Google Sued By Rosetta Stone Over Trademarks
WebProNews spoke to Eric Goldman, Associate Professor, Santa Clara University School of Law and Director of the High Tech Law Institute about the latest trademark case brought against Google.
Goldman said the lawsuit by Rosetta Stone was the ninth keyword trademark suit brought against Google that he was aware of. He said "suing Google has become the new American pastime."
He noted that Google did settle a similar lawsuit brought by American Airlines over keywords that was resolved out of court. Details of the terms of the settlement have not been made public and Goldman says it’s an unusual deal Google made with American.
Goldman does not think Google will settle with Rosetta Stone out of court and that case along with the other eight cases against Google would likely be consolidated into one court.

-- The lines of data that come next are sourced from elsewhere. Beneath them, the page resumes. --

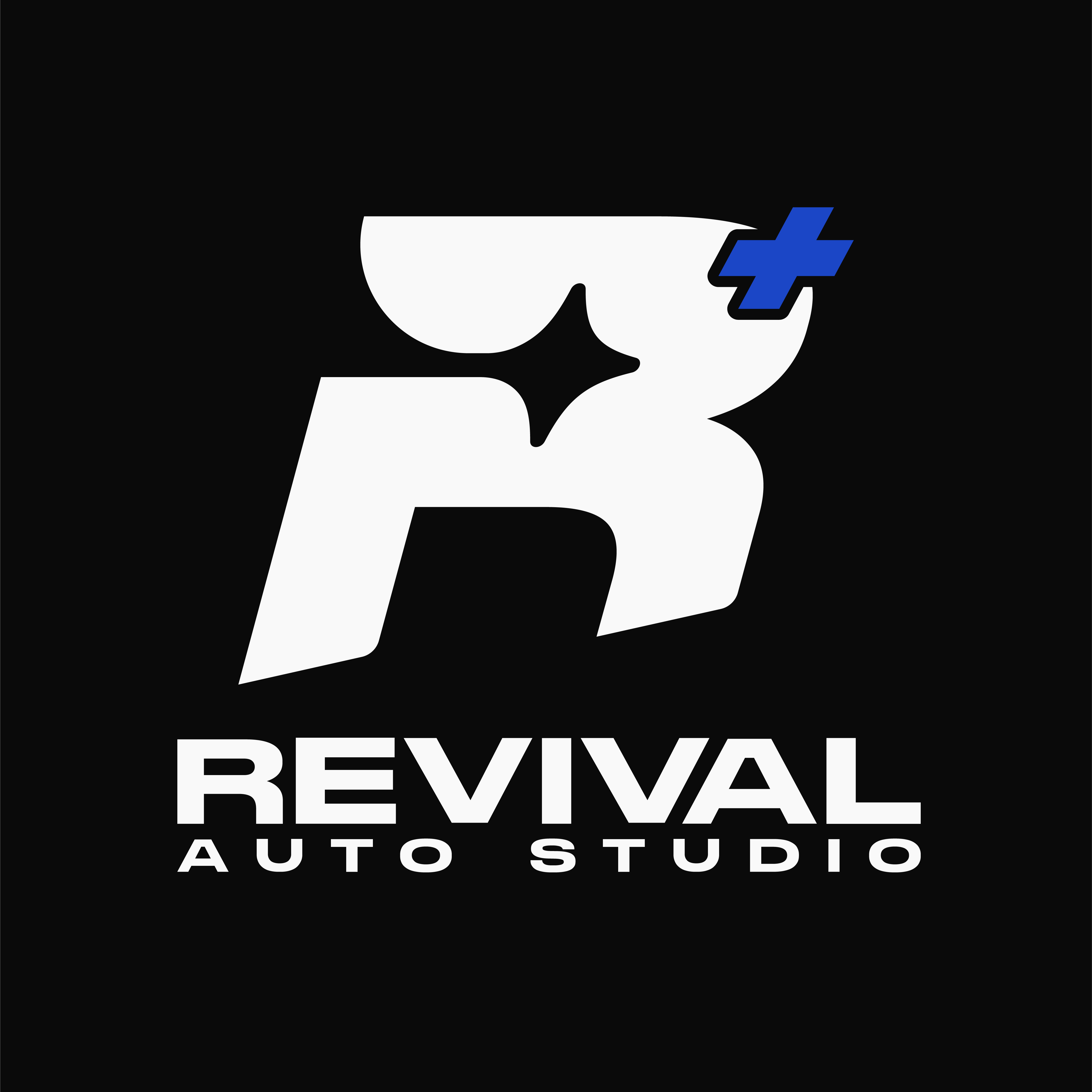 FAQ Revival Auto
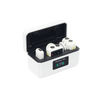 MMD - Wireless Microphone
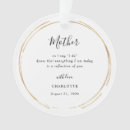 Search for stepmother of the bride Bridal shower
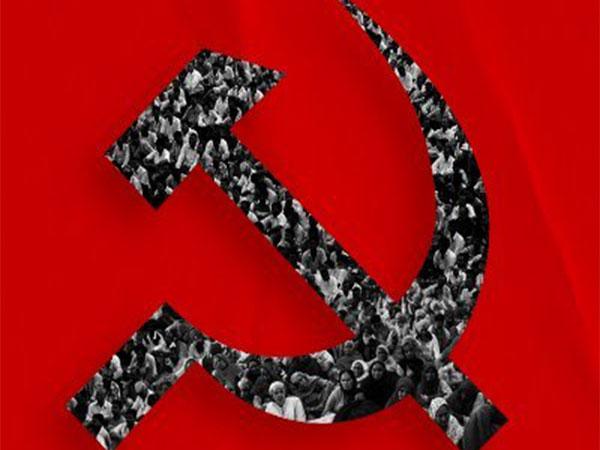 CPI(M) Plans Campaign Against 'One Nation, One Election' and Other Issues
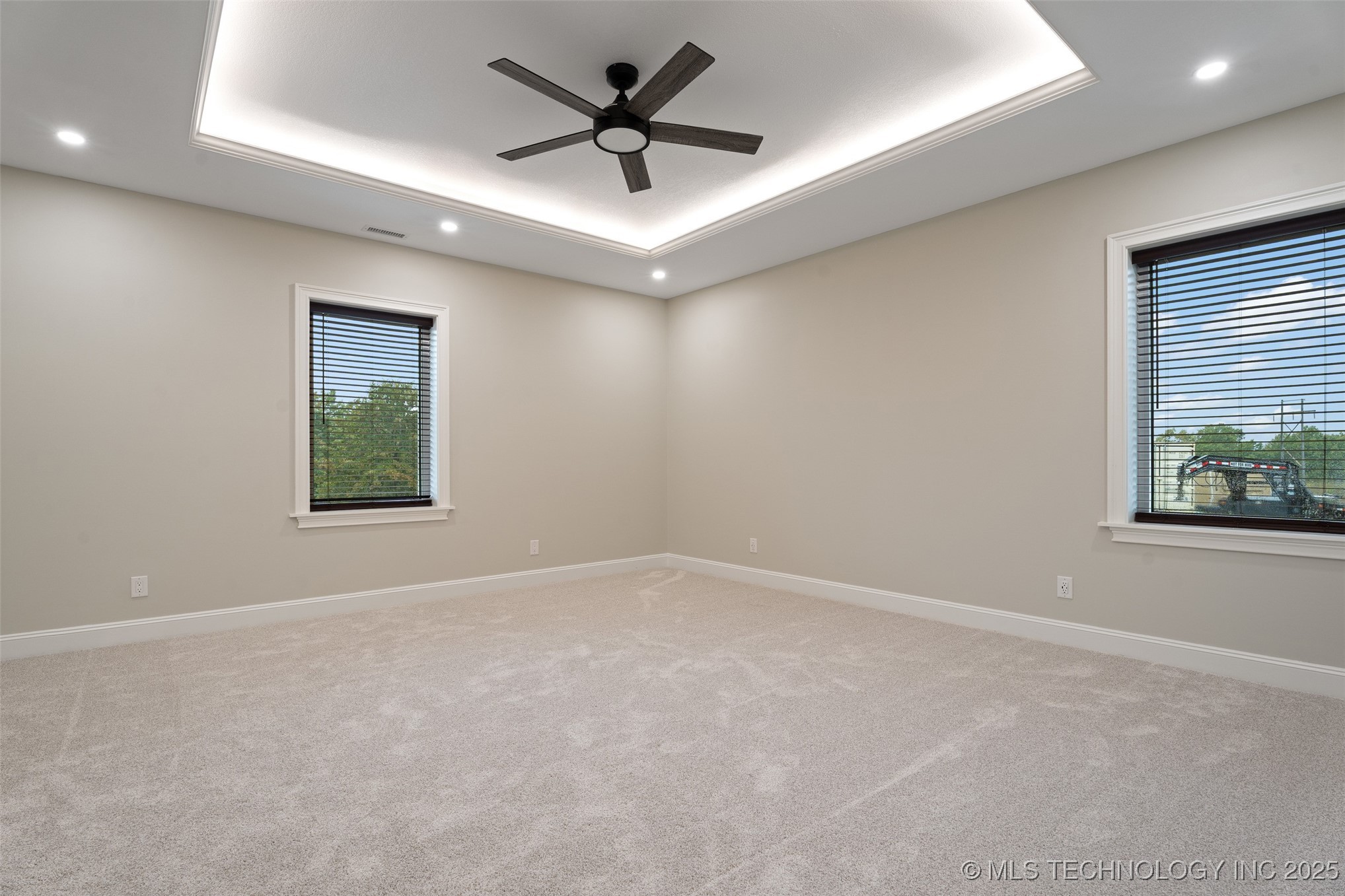 33787 S 650 Road Property Photo 21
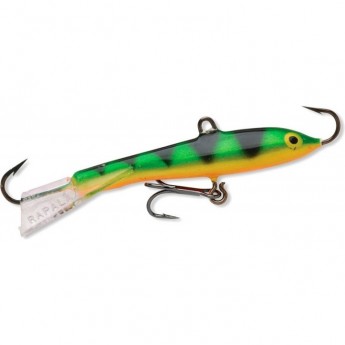 Балансир RAPALA Jigging Rap W05-LP Балансир RAPALA Jigging Rap W05-LP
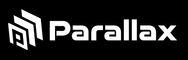 Parallax PC - Home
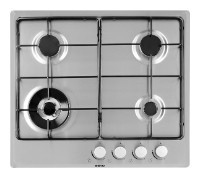 �������� ����������� ������� BEKO HIMW 64223 SX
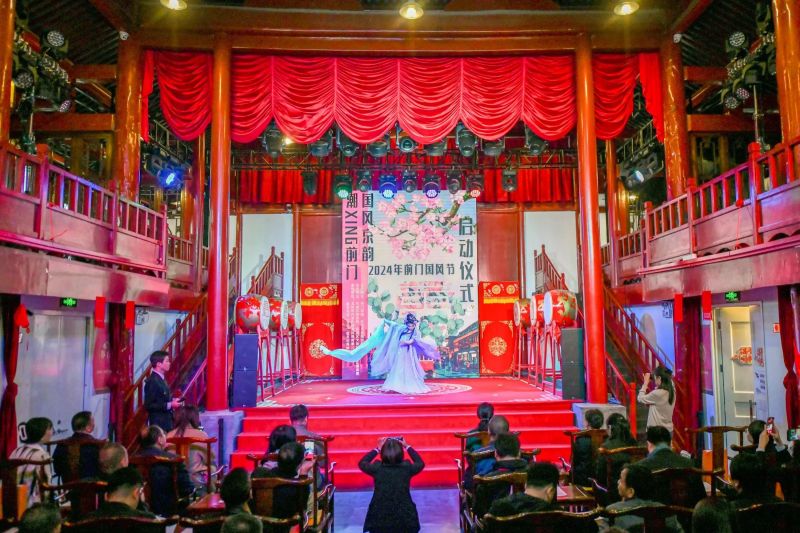 “前门国风节”来了！五一假期这么玩 (1).jpg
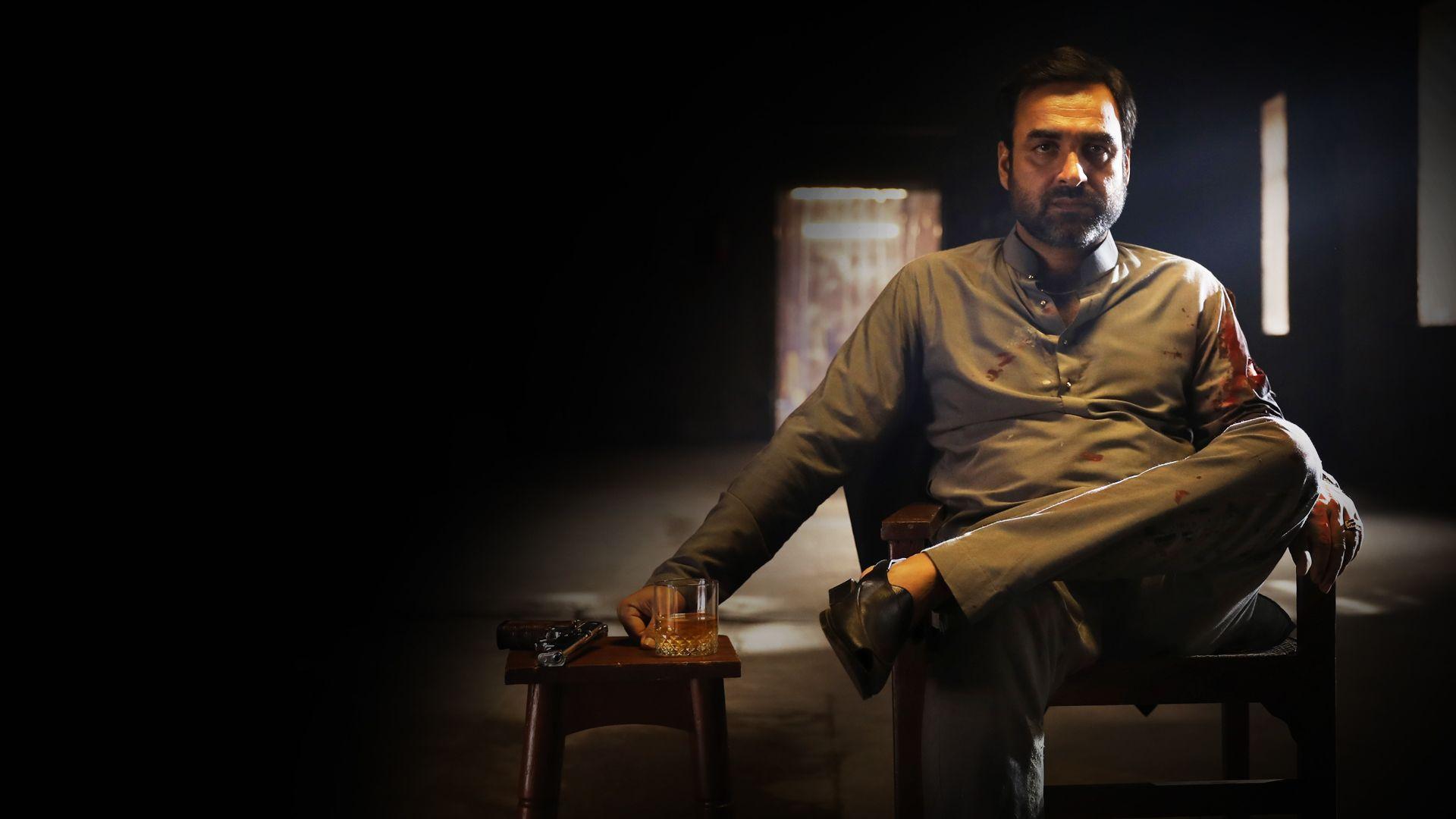1920x1080 Mirzapur Season 2 Review: The Second Season Won't Disappoint Any One, However, Nothing Changes (Rating: ***) News XYZ
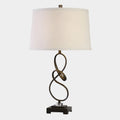 Tenley Table Lamp
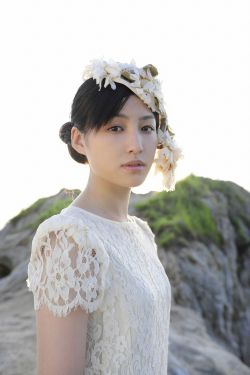 孙红雷新世界免费观看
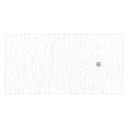 Einmal-Papierfilter 235 x 120mm (200 Stck.)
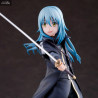 That Time I Got Reincarnated as a Slime - Figurine Rimuru Tempest
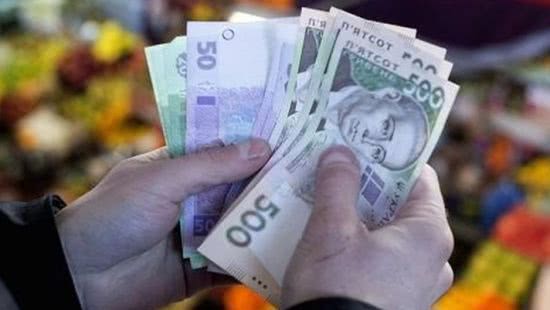 Одесситам: что будет дорожать в Украине больше всего – прогноз Нацбанка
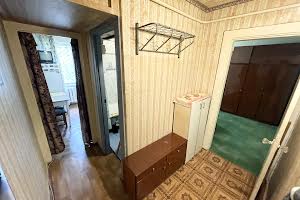 квартира за адресою Покровська вул. (Подбєльського), 41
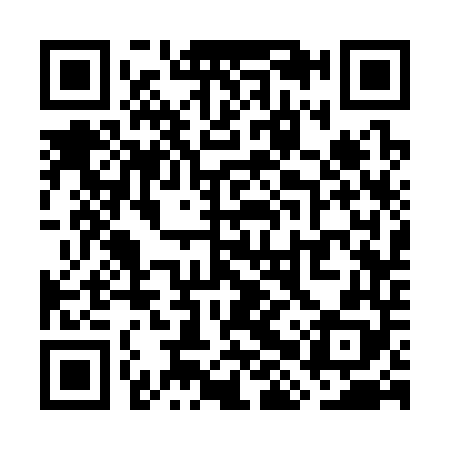 QR code for WHS348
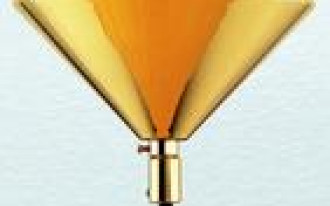 Od bezpiecznika do kontaktu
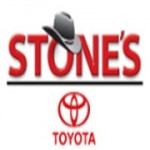 We are Stone's Town & Country Toyota Auto Repair Service, located in Rexburg! With our specialty trained technicians, we will look over your car and make sure it receives the best in automotive repair maintenance!
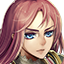 Margie icon.png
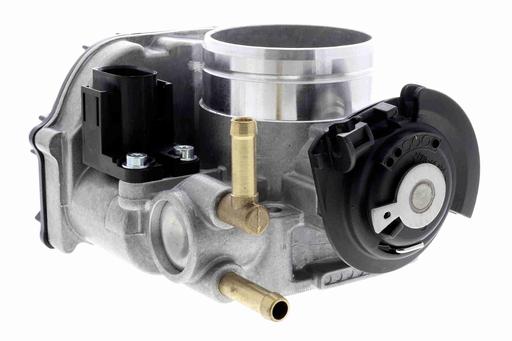 [V10-81-0005] THROTTLE BODY VEMO VAG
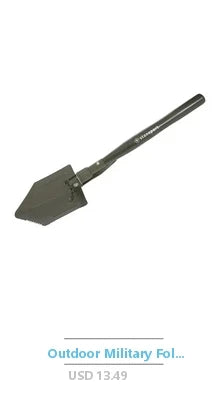 Steel Blade Garden Hoe Cultivator Tool Long Handle Weed Remover 55.51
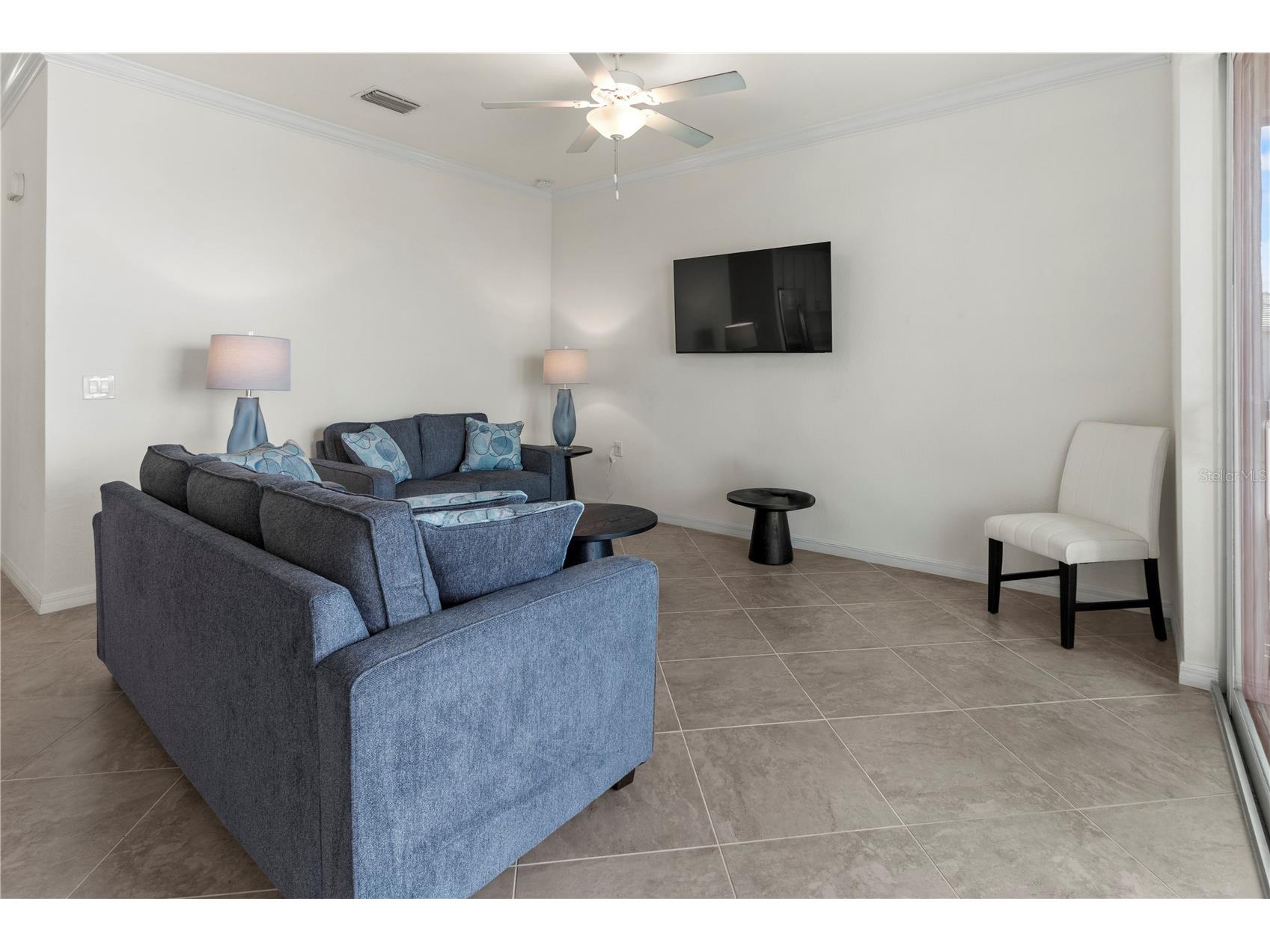 1030 Tidewater Shores Loop #401 Bradenton FL 34208 - MANATEE RIVER A4675232 image22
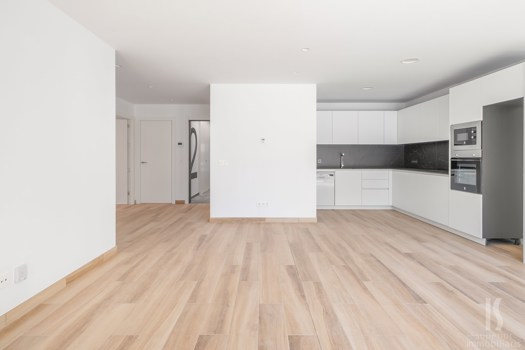Appartement à location avec 3 chambres en Andorra la Vella avec terrasse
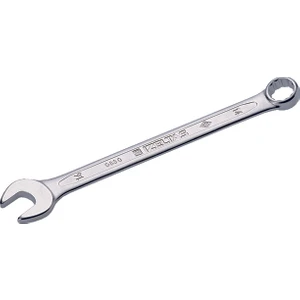 İZELTAŞ-0330020046-46 mm Kombine Anahtar Uzun Boy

Goldman believes that we are years away from a definitive resolution to such suits and that the laws are currently too confusing.
Language-learning firm, Rosetta Stone, filed a lawsuit today in U.S. federal court against Google, claiming that the company is infringing on its trademarks.
In its lawsuit, Rosetta Stone alleges that Google allows third parties including individuals involved in software piracy to purchase the right to use Rosetta Stone trademarks or other terms confusingly similar in Google’s Adwords advertising program.
In June 2009, Google changed its policy stating that "advertisers will be allowed to use trademark terms in their ad text even if they do not own that trademark or have explicit approval from the trademark owner to use it."
"Google’s search engine is helping third parties mislead consumers and misappropriate Rosetta Stone trademarks by using them as ‘keyword’ triggers for paid advertisements and by using them within the text or title of paid advertisements," said Michael Wu, general counsel, Rosetta Stone.
"Google and its advertisers benefit financially from and trade off the goodwill and reputation of Rosetta Stone without incurring the substantial expense that Rosetta Stone has incurred in building up its popularity, name recognition, and brand loyalty."
With its lawsuit, Rosetta Stone is seeking injunctive relief to stop Google from selling the Rosetta Stone trademarks or other terms confusingly similar for use in Google’s Adwords advertising program.